Grenada’s four year old government of Prime Minister Tillman Thomas has carried out one of its electoral promises to remove criminal libel from the island’s law books.
As part of the amendment to the Criminal Code, Criminal Libel has been taken off the Law Books, effective September 14.
The effect of the move is that local Journalists can continue to ply their trade, free from the threat of facing Criminal Libel from politicians.
However, Director of Public Prosecutions (DPP) Christopher Nelson told THE NEW TODAY newspaper that if there is a Criminal Libel case pending before September 14, it remains alive.
Sections 252 and 253 that dealt with both Intentional and Negligent Criminal Libel have been repealed.
According to DPP Nelson if Journalists intentionally or negligently libel someone, they cannot be criminally prosecuted based on the changes to the Criminal Code that was initiated by the governing National Democratic Congress (NDC) administration.
However, the DPP disclosed that civil consequences would still be another avenue for someone who has been libeled to get at Journalists.
He warned that the removal of Criminal Libel on the Law Books is not “an open season” for Journalists to print any information in their possession without verifying it.
DPP Nelson said the job of the Journalists is to inform and not to misinform and they still need to be careful as they have a duty and obligation to verify what is reported.
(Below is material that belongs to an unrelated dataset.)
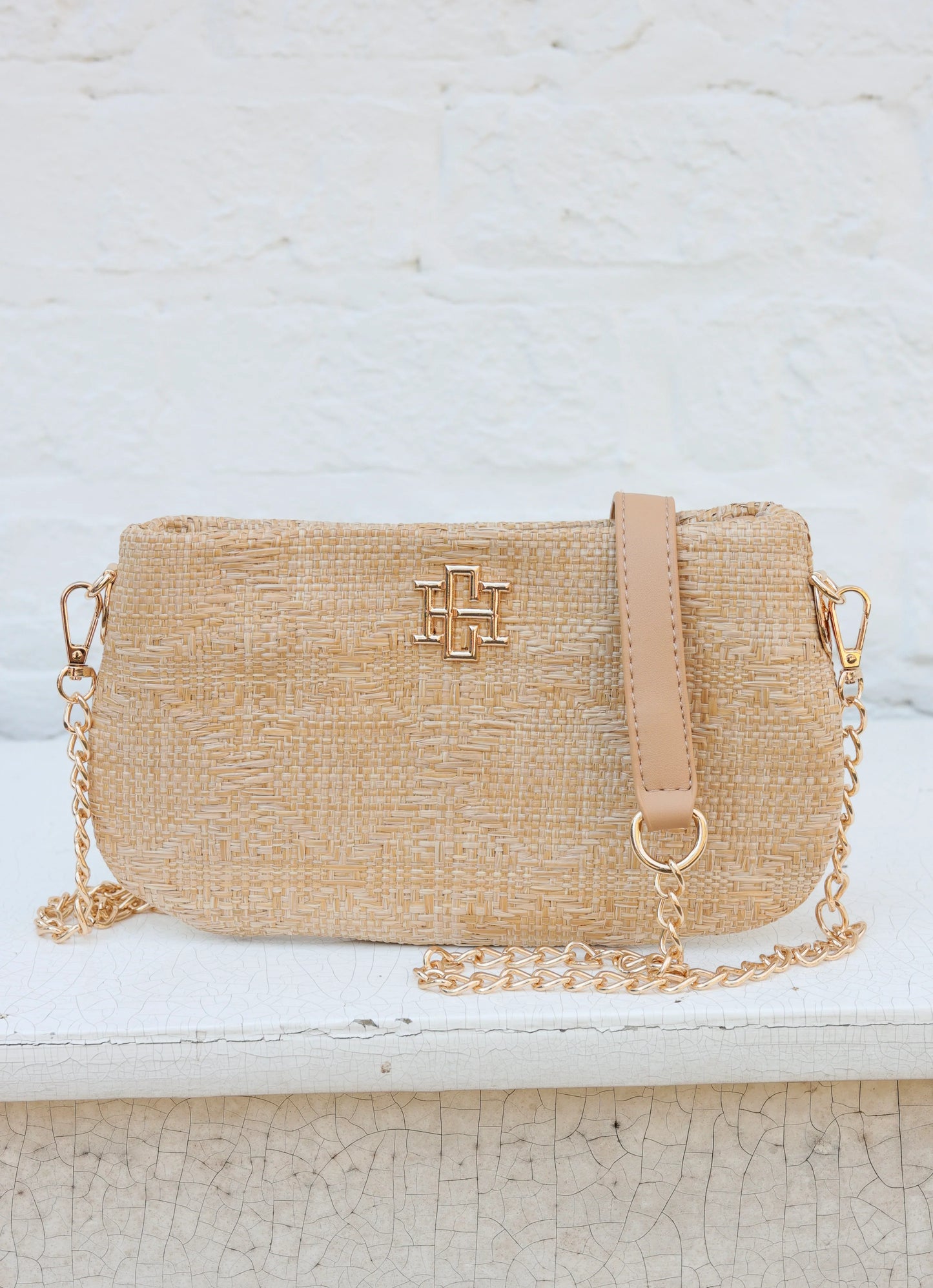 Livi Crossbody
“That responsibility still remains, and the civil sanction is still there,” he stressed.
“Check, double check and recheck. Make sure that what you put out is accurate, is correct, unless it is an opinion,” he added.
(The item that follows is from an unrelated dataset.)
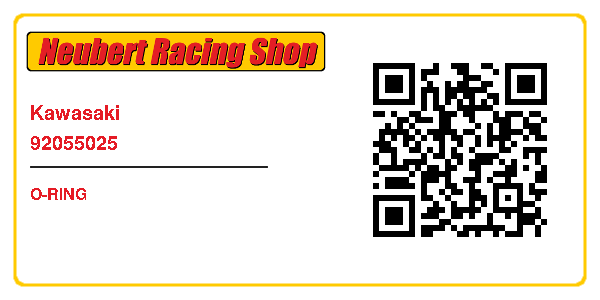 Kawasaki 92055025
The DPP spoke of the general law on libel that is between private parties being still intact, and according to him would not change.
“It is in the same way that somebody damages your goods or your property, you can sue them, it is the same way you damage someone’s reputation they can sue you. But the object of the legal proceedings in civil is a compensation or probably injunction. The object of the criminal sanction was for punishment,” he said.
The penalty for intentional libel carried a maximum penalty of two years imprisonment, while negligent libel was six months.
The last known case of criminal libel in Grenada was instituted by former Special Prosecutor, Hugh Wildman of Jamaica on behalf of former Prime Minister, Dr. Keith Mitchell against Editor of the defunct GRENADA TODAY newspaper.
The case was taken off the court list by DPP Nelson after Dr. Mitchell repeatedly failed to appear in court before then Chief Magistrate, Patricia Mark to be cross-examined by local attorney-at-law, Anselm Clouden.
The Chief Magistrate was forced to demit office after she allegedly refused to bow to demands to cut short the cross examination by Clouden and send the matter up to the high court for trial before a judge and jury.